If this does not solve the issue you might have a static ip configuration installed through Windows.


----------



## aaronmarsh632 (Feb 1, 2009)

Hi, you could also try this free tool from rizonesoft Rizonesoft Complete Internet Repair | Rizonesoft just run the software, try selecting the first top 4 boxes and click go, restart your laptop once finished and see if it fixes your problem.
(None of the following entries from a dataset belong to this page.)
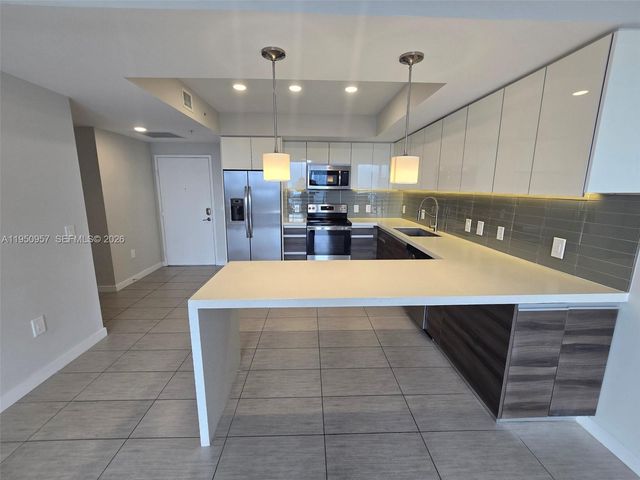 117 SW 10th Street 2209, Miami, FL 33130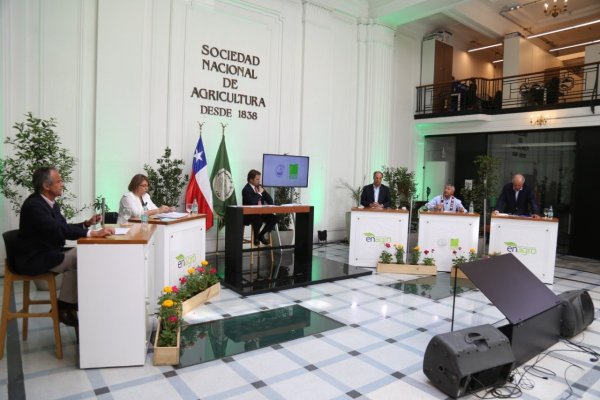 <p>La XVI versión de Enagro contó con presencia de representantes empresariales, del pueblo mapuche y parlamentario. Foto: Presidencia</p>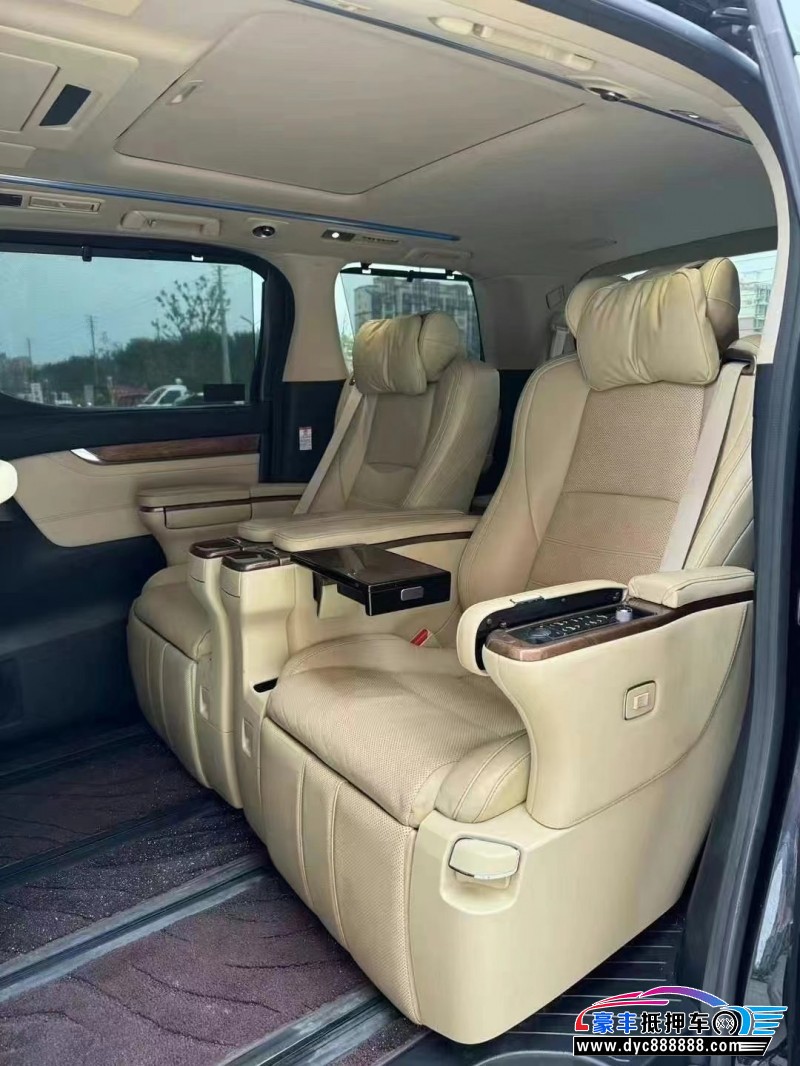 16年丰田埃尔法轿车抵押车出售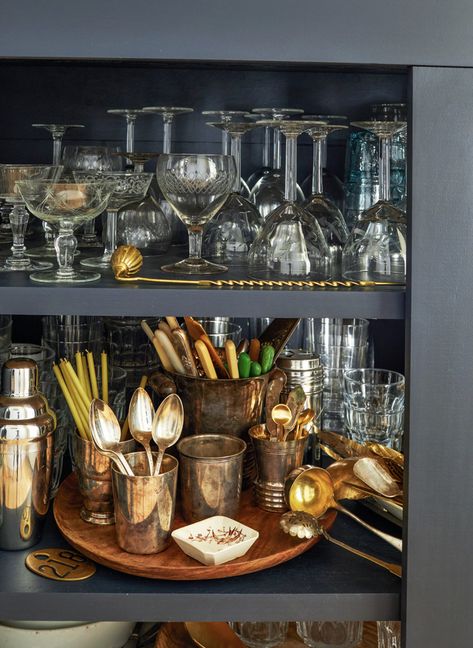 Bar Tray Styling, Bar Cart Inspiration, Bar Nook, Home Wet Bar, Home Bar Design, Bar Tray, Bar Inspiration, Instagram Ladies, Bar Cart Styling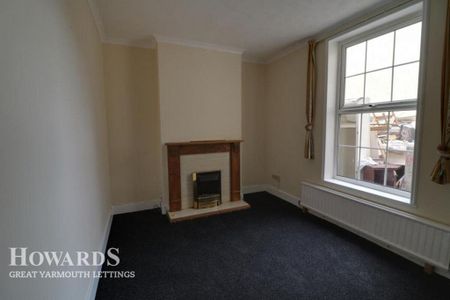4 bedroom terraced house to rent - Photo 2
if not you could try setting static dns servers in your wireless network connection, try 8.8.8.8 for primary and 8.8.4.4 for secondary - these are googles dns settings.


----------



## spunk.funk (May 13, 2010)

Your Default Gateway is your Router. Unplug the power plug to the Modem and the Router. Plug the power into just the Modem (unless you have a modem/router combo) When all the lights come up, plug in the power to the Router (unless combo of course) 
Now Go to Start/Search and type *inetcpl.cpl *and press enter/*Connections/LAN Settings*. Make sure all the boxes are unchecked. Now go to Start/Search and type *ncpa.cpl* and press enter. Right click the* Local Area connection/Properties* scroll down to *Internet Protocol (TCP-IP)/Properties*. Make sure *Obtain an IP Address* and *DNS Server Address Automatically* are both checked. Now go to Start/Search and type *CMD* and press enter. IN the Command Prompt type* ipconfig /release* and press enter. the IP Address changes to *0.0.0.0 *Now type* ipconfig /flushdns* and press enter. Now type *ipconfig /renew*. Now type* ipconfig /all*. You should have a new IP address try it again. If you still cannot connect please include the text output of your* ipconfig /all* in your next post


----------